* [Task objective]
Each record below should be written out again exactly.

* [Data extracts]
——————————
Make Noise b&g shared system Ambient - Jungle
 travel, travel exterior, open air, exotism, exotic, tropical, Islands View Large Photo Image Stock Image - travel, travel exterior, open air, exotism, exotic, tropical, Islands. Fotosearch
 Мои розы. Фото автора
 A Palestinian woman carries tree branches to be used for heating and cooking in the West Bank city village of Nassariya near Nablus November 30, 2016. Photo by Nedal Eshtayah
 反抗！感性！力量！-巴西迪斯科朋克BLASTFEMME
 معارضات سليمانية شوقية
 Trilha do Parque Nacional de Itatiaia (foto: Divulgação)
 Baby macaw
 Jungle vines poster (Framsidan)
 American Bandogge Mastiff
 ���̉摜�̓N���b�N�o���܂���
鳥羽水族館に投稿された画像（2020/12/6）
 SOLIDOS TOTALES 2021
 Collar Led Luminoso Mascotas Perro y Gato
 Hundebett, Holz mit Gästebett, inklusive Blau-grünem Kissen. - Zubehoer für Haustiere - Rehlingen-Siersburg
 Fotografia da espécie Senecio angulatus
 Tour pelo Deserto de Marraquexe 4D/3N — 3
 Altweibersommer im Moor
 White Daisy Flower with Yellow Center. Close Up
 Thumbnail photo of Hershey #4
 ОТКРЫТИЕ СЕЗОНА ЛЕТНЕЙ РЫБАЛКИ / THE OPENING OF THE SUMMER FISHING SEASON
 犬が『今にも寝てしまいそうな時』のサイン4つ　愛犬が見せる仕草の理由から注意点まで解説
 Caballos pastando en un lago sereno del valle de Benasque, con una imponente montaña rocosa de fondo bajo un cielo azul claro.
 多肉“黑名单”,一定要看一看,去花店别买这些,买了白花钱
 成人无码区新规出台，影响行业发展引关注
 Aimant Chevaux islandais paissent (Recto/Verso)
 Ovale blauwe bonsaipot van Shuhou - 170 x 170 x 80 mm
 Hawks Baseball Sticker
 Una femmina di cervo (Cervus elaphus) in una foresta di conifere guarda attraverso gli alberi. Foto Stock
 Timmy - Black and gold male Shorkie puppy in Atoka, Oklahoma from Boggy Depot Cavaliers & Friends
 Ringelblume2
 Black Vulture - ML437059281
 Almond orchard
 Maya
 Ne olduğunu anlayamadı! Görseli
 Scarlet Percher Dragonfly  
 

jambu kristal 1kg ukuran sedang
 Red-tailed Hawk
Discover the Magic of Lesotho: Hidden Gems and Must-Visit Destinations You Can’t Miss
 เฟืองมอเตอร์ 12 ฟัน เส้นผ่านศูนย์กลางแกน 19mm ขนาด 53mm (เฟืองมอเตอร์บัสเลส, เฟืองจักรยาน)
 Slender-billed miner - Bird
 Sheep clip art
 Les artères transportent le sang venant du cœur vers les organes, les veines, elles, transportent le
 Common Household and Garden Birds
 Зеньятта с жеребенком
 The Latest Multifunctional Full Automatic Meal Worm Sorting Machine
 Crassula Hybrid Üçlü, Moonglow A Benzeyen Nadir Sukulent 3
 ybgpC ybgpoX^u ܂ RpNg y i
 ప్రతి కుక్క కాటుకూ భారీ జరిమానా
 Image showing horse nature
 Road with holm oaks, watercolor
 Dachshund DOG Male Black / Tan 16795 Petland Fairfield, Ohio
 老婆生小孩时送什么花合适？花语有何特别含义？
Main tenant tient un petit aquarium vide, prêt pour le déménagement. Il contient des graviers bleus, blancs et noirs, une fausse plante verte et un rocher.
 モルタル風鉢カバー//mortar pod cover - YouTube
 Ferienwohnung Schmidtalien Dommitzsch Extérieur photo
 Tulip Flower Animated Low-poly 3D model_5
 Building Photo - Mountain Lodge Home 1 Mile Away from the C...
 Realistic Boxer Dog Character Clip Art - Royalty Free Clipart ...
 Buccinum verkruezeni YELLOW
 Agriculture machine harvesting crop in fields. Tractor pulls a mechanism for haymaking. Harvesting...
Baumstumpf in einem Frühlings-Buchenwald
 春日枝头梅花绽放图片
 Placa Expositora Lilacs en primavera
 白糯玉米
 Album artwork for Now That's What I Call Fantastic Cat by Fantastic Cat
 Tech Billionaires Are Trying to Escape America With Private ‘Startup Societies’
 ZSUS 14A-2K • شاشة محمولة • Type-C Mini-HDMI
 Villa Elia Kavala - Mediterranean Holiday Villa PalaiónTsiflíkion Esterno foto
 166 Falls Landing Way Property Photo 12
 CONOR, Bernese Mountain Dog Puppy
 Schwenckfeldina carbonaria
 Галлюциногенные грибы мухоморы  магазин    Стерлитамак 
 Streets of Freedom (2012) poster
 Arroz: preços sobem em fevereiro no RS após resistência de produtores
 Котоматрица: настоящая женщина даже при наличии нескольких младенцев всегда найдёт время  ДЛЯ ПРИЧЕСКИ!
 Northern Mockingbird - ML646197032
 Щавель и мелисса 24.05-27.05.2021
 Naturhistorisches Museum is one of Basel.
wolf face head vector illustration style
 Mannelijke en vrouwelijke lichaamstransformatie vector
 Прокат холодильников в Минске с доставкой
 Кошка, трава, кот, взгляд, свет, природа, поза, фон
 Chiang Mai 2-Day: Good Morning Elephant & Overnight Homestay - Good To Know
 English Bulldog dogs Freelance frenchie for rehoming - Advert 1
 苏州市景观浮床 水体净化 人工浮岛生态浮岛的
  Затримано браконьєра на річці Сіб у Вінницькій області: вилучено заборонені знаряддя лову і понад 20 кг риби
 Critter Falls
——————————
* [Answer space]
Make Noise b&g shared system Ambient - Jungle
 travel, travel exterior, open air, exotism, exotic, tropical, Islands View Large Photo Image Stock Image - travel, travel exterior, open air, exotism, exotic, tropical, Islands. Fotosearch
 Мои розы. Фото автора
 A Palestinian woman carries tree branches to be used for heating and cooking in the West Bank city village of Nassariya near Nablus November 30, 2016. Photo by Nedal Eshtayah
 反抗！感性！力量！-巴西迪斯科朋克BLASTFEMME
 معارضات سليمانية شوقية
 Trilha do Parque Nacional de Itatiaia (foto: Divulgação)
 Baby macaw
 Jungle vines poster (Framsidan)
 American Bandogge Mastiff
 ���̉摜�̓N���b�N�o���܂���
鳥羽水族館に投稿された画像（2020/12/6）
 SOLIDOS TOTALES 2021
 Collar Led Luminoso Mascotas Perro y Gato
 Hundebett, Holz mit Gästebett, inklusive Blau-grünem Kissen. - Zubehoer für Haustiere - Rehlingen-Siersburg
 Fotografia da espécie Senecio angulatus
 Tour pelo Deserto de Marraquexe 4D/3N — 3
 Altweibersommer im Moor
 White Daisy Flower with Yellow Center. Close Up
 Thumbnail photo of Hershey #4
 ОТКРЫТИЕ СЕЗОНА ЛЕТНЕЙ РЫБАЛКИ / THE OPENING OF THE SUMMER FISHING SEASON
 犬が『今にも寝てしまいそうな時』のサイン4つ　愛犬が見せる仕草の理由から注意点まで解説
 Caballos pastando en un lago sereno del valle de Benasque, con una imponente montaña rocosa de fondo bajo un cielo azul claro.
 多肉“黑名单”,一定要看一看,去花店别买这些,买了白花钱
 成人无码区新规出台，影响行业发展引关注
 Aimant Chevaux islandais paissent (Recto/Verso)
 Ovale blauwe bonsaipot van Shuhou - 170 x 170 x 80 mm
 Hawks Baseball Sticker
 Una femmina di cervo (Cervus elaphus) in una foresta di conifere guarda attraverso gli alberi. Foto Stock
 Timmy - Black and gold male Shorkie puppy in Atoka, Oklahoma from Boggy Depot Cavaliers & Friends
 Ringelblume2
 Black Vulture - ML437059281
 Almond orchard
 Maya
 Ne olduğunu anlayamadı! Görseli
 Scarlet Percher Dragonfly  
 

jambu kristal 1kg ukuran sedang
 Red-tailed Hawk
Discover the Magic of Lesotho: Hidden Gems and Must-Visit Destinations You Can’t Miss
 เฟืองมอเตอร์ 12 ฟัน เส้นผ่านศูนย์กลางแกน 19mm ขนาด 53mm (เฟืองมอเตอร์บัสเลส, เฟืองจักรยาน)
 Slender-billed miner - Bird
 Sheep clip art
 Les artères transportent le sang venant du cœur vers les organes, les veines, elles, transportent le
 Common Household and Garden Birds
 Зеньятта с жеребенком
 The Latest Multifunctional Full Automatic Meal Worm Sorting Machine
 Crassula Hybrid Üçlü, Moonglow A Benzeyen Nadir Sukulent 3
 ybgpC ybgpoX^u ܂ RpNg y i
 ప్రతి కుక్క కాటుకూ భారీ జరిమానా
 Image showing horse nature
 Road with holm oaks, watercolor
 Dachshund DOG Male Black / Tan 16795 Petland Fairfield, Ohio
 老婆生小孩时送什么花合适？花语有何特别含义？
Main tenant tient un petit aquarium vide, prêt pour le déménagement. Il contient des graviers bleus, blancs et noirs, une fausse plante verte et un rocher.
 モルタル風鉢カバー//mortar pod cover - YouTube
 Ferienwohnung Schmidtalien Dommitzsch Extérieur photo
 Tulip Flower Animated Low-poly 3D model_5
 Building Photo - Mountain Lodge Home 1 Mile Away from the C...
 Realistic Boxer Dog Character Clip Art - Royalty Free Clipart ...
 Buccinum verkruezeni YELLOW
 Agriculture machine harvesting crop in fields. Tractor pulls a mechanism for haymaking. Harvesting...
Baumstumpf in einem Frühlings-Buchenwald
 春日枝头梅花绽放图片
 Placa Expositora Lilacs en primavera
 白糯玉米
 Album artwork for Now That's What I Call Fantastic Cat by Fantastic Cat
 Tech Billionaires Are Trying to Escape America With Private ‘Startup Societies’
 ZSUS 14A-2K • شاشة محمولة • Type-C Mini-HDMI
 Villa Elia Kavala - Mediterranean Holiday Villa PalaiónTsiflíkion Esterno foto
 166 Falls Landing Way Property Photo 12
 CONOR, Bernese Mountain Dog Puppy
 Schwenckfeldina carbonaria
 Галлюциногенные грибы мухоморы  магазин    Стерлитамак 
 Streets of Freedom (2012) poster
 Arroz: preços sobem em fevereiro no RS após resistência de produtores
 Котоматрица: настоящая женщина даже при наличии нескольких младенцев всегда найдёт время  ДЛЯ ПРИЧЕСКИ!
 Northern Mockingbird - ML646197032
 Щавель и мелисса 24.05-27.05.2021
 Naturhistorisches Museum is one of Basel.
wolf face head vector illustration style
 Mannelijke en vrouwelijke lichaamstransformatie vector
 Прокат холодильников в Минске с доставкой
 Кошка, трава, кот, взгляд, свет, природа, поза, фон
 Chiang Mai 2-Day: Good Morning Elephant & Overnight Homestay - Good To Know
 English Bulldog dogs Freelance frenchie for rehoming - Advert 1
 苏州市景观浮床 水体净化 人工浮岛生态浮岛的
  Затримано браконьєра на річці Сіб у Вінницькій області: вилучено заборонені знаряддя лову і понад 20 кг риби
 Critter Falls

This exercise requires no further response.